Denis O’Connor’s The Tangler Project numbers over sixty works and has been seven years in the making. The wall pieces in this third and final chapter bring into the gallery what usually remains hidden in O’Connor’s voluminous archive of sketchbooks dating back to 1985, when he was The Frances Hodgkins Fellow at Otago University. Many of O’Connor’s works use text from a wide range of contemporary poets. Drawings on collaged fragments of roof slate mimic chalk on blackboard and are diaristic and instructional in tone. These roof-drawings portray O’Connor’s masked artist-figure in many differing role-plays and tropes. We see the artist as parent. We see him as ‘Beauty’ leaping into the void. He mimics how chance is an artist’s ally. We see him as long-distance athlete, hands-on manual worker or absurd show-off. The device of his horse-mask is suggestive of masquerade or trickster traditions – it recalls Oscar Wilde’s dictum:
Man is least himself when he talks in his own person – give him a mask and he will tell you the truth.

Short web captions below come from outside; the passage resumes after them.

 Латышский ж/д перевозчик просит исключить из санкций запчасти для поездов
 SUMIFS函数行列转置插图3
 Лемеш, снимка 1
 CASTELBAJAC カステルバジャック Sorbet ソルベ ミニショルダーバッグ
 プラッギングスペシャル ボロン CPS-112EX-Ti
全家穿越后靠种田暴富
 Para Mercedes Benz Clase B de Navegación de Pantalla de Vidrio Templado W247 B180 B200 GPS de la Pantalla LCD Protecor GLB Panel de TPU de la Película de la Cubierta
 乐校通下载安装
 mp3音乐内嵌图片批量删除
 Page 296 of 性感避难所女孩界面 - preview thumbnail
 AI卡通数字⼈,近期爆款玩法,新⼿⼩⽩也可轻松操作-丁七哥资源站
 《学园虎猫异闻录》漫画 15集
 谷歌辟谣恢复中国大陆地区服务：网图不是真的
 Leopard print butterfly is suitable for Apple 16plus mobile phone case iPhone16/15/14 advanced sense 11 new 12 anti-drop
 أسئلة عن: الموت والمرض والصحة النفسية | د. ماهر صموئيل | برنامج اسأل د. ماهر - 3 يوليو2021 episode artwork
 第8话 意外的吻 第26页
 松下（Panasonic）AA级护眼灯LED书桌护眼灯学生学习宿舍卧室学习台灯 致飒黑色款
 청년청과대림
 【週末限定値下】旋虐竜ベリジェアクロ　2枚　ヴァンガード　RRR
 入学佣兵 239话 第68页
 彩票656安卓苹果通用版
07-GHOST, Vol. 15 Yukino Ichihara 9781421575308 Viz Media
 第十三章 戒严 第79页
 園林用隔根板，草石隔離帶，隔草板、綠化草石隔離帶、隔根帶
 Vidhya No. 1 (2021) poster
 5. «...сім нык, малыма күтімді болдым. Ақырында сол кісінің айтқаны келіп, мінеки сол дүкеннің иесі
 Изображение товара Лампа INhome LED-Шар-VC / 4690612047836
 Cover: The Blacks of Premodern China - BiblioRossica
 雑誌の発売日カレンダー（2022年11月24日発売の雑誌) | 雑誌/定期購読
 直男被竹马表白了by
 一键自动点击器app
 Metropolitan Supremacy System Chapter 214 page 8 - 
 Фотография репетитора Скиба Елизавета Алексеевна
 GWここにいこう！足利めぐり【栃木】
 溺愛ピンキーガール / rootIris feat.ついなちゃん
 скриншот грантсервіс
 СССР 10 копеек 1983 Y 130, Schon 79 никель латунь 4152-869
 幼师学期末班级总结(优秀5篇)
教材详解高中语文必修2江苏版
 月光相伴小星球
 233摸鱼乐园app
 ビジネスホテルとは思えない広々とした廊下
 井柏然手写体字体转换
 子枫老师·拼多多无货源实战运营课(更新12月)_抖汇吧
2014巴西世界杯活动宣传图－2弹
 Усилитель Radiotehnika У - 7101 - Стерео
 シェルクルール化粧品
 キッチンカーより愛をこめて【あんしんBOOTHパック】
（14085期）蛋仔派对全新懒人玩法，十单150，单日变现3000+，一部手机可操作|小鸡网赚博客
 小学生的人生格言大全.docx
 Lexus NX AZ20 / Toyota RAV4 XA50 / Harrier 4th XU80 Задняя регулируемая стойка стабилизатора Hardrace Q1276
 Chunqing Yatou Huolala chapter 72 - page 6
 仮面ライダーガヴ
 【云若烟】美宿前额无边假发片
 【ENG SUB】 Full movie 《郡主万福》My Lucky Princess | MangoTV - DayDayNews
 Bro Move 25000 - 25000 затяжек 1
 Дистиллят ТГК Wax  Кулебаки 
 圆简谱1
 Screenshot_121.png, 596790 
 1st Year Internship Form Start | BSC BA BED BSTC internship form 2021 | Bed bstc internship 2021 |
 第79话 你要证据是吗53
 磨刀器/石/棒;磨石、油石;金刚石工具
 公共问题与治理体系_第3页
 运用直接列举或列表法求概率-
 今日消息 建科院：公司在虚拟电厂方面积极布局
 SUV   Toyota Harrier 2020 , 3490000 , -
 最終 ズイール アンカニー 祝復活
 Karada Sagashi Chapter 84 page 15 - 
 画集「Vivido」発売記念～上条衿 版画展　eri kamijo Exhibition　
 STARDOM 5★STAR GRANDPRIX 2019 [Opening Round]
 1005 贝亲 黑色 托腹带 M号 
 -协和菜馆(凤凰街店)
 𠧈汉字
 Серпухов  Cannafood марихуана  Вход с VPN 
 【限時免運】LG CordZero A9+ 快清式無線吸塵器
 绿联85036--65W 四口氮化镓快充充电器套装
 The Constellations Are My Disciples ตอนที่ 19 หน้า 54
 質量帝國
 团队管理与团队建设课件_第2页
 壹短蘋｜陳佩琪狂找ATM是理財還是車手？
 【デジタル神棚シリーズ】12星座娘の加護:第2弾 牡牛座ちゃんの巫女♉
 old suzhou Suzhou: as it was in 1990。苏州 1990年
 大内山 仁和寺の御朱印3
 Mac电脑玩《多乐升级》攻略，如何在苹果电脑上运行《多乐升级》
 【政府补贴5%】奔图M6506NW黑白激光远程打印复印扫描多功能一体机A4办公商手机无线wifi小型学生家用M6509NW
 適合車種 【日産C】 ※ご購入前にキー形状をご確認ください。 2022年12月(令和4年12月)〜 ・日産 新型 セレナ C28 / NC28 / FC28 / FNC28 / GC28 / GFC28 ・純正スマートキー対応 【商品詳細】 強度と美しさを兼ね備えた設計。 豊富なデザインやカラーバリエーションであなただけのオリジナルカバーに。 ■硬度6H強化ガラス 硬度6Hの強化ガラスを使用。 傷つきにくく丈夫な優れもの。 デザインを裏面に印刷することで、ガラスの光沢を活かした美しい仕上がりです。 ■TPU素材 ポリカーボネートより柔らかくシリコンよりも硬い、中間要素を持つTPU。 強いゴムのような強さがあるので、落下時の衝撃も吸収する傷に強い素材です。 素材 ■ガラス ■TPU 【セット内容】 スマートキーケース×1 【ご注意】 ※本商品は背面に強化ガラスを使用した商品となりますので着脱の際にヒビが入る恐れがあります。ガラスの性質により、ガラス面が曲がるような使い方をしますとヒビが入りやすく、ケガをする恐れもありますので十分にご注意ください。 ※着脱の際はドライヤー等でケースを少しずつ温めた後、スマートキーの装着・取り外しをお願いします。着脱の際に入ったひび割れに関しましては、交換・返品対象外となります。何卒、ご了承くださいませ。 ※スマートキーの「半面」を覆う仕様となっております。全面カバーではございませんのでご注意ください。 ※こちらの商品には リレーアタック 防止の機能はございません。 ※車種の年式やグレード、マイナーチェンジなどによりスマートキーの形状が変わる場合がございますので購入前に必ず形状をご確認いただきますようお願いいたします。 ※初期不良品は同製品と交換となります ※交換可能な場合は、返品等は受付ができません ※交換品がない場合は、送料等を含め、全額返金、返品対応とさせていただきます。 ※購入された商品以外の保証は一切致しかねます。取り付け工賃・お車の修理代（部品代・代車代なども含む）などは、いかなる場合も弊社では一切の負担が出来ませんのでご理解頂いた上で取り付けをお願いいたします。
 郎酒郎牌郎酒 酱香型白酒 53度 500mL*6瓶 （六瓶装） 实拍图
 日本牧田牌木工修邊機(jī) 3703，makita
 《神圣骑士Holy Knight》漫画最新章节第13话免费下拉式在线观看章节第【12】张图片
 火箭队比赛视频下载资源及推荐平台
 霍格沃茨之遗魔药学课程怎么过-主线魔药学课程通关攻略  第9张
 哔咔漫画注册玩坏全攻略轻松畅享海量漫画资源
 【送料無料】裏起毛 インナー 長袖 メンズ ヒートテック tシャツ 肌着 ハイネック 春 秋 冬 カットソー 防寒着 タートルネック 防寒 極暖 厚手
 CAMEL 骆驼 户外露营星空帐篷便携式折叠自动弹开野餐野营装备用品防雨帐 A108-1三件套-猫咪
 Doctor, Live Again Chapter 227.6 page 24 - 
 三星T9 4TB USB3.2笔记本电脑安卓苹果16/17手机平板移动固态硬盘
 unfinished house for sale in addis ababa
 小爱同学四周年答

Coinciding with this show is the premiere of a documentary film called ‘Mindspaces – the Artists Studio’, that has been three years in the making. With Denis O’Connor as narrator and guide, we are taken into the private sanctuary of the studio he has occupied since 1971 – a room rich in layered histories and detritus. O’Connor obtained access to the studio and archive of the great 20th century artist Francis Bacon. O’Connor’s daughter, the late Dr Blaze O’Connor (1975 – 2009), was part of a small team responsible for the archaeological survey of Bacon’s famous studio, facilitating its transfer from London to Dublin. Through this survey we learn how Bacon’s chaotic studio functioned as the artist’s inspirational archive. O’Connor also turns the lens onto Lucian Freud’s studio in a revealing conversation with Freud’s biographer, the art historian Martin Gayford. Filmed in England, Ireland and France this documentary will be shown at the Auckland Art Gallery on Sunday August 3rd at 1pm. It was produced by English Director Stephanie Bennett, with support from the Chartwell Trust.